Personal information
- Full name: Tyler John Buchan
- Born: 12 September 1985 (age 40) Aberdeen, Aberdeenshire, Scotland
- Batting: Right-handed
- Bowling: Right-arm medium-fast

Domestic team information
- 2011/12: Scotland

Career statistics
| Competition | Twenty20 |
| Matches | 5 |
| Runs scored | 5 |
| Batting average | 2.50 |
| 100s/50s | –/– |
| Top score | 3 |
| Balls bowled | 60 |
| Wickets | 2 |
| Bowling average | 49.50 |
| 5 wickets in innings | – |
| 10 wickets in match | – |
| Best bowling | 1/17 |
| Catches/stumpings | 1/– |
- Source: Cricinfo, 15 June 2022

= Tyler Buchan =

Scottish cricketer (born 1985)

Tyler John Buchan (born 12 September 1985) is a Scottish former cricketer.

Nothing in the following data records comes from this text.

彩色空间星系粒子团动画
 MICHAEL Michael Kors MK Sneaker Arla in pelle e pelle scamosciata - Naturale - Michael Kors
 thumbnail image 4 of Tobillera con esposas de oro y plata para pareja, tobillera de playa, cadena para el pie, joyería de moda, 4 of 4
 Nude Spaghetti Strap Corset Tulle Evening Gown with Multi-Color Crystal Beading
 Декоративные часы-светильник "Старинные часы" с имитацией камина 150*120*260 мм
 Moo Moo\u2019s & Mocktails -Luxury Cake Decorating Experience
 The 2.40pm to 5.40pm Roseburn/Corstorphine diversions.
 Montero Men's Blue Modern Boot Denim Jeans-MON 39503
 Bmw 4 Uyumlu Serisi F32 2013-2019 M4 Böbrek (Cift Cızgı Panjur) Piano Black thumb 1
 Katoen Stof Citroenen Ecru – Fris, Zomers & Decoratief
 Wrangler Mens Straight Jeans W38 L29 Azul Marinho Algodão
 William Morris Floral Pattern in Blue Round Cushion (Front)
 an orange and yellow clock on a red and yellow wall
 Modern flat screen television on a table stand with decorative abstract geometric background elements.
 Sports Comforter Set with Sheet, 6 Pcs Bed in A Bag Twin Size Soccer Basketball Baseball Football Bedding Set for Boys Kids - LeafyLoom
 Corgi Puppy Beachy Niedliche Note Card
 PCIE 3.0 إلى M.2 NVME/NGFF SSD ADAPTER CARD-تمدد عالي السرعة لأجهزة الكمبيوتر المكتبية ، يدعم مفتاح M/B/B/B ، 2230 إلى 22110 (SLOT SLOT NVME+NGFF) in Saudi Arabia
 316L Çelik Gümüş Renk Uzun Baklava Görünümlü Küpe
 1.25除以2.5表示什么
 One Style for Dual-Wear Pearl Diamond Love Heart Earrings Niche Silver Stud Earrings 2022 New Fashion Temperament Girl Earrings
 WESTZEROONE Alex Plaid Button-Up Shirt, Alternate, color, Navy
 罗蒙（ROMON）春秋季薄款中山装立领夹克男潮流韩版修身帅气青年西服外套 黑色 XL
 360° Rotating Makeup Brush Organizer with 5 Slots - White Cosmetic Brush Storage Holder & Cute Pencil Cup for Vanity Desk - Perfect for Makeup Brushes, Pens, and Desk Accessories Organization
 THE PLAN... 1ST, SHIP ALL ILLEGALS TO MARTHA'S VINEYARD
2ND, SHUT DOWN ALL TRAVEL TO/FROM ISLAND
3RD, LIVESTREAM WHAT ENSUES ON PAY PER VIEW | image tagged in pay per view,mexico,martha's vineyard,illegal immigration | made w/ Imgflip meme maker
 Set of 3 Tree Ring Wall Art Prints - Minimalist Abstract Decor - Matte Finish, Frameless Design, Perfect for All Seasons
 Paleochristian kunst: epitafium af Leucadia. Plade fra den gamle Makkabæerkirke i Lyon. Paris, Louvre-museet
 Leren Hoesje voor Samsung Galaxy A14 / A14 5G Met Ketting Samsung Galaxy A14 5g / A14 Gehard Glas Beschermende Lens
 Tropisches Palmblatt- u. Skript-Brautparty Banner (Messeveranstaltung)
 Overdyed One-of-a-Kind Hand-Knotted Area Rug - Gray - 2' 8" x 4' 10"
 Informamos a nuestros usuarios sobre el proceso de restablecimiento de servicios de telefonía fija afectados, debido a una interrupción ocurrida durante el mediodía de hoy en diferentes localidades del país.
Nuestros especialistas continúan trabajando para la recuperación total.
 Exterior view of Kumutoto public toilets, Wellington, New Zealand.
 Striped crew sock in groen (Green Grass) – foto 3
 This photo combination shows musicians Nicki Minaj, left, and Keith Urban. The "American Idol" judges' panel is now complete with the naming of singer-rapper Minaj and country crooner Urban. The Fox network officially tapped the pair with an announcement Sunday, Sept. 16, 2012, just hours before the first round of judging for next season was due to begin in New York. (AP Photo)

Buchan was born at Aberdeen in September 1985. He was selected in the Scotland Under-19 squad for the 2006 ICC Under-19 Cricket World Cup, making three appearances during the tournament. He later played for the senior Scotland side during their tour of Namibia in October 2011, making five Twenty20 appearances against the Namibian cricket team. He took two wickets during the series. In club cricket, Buchan played for Aberdeenshire Cricket Club.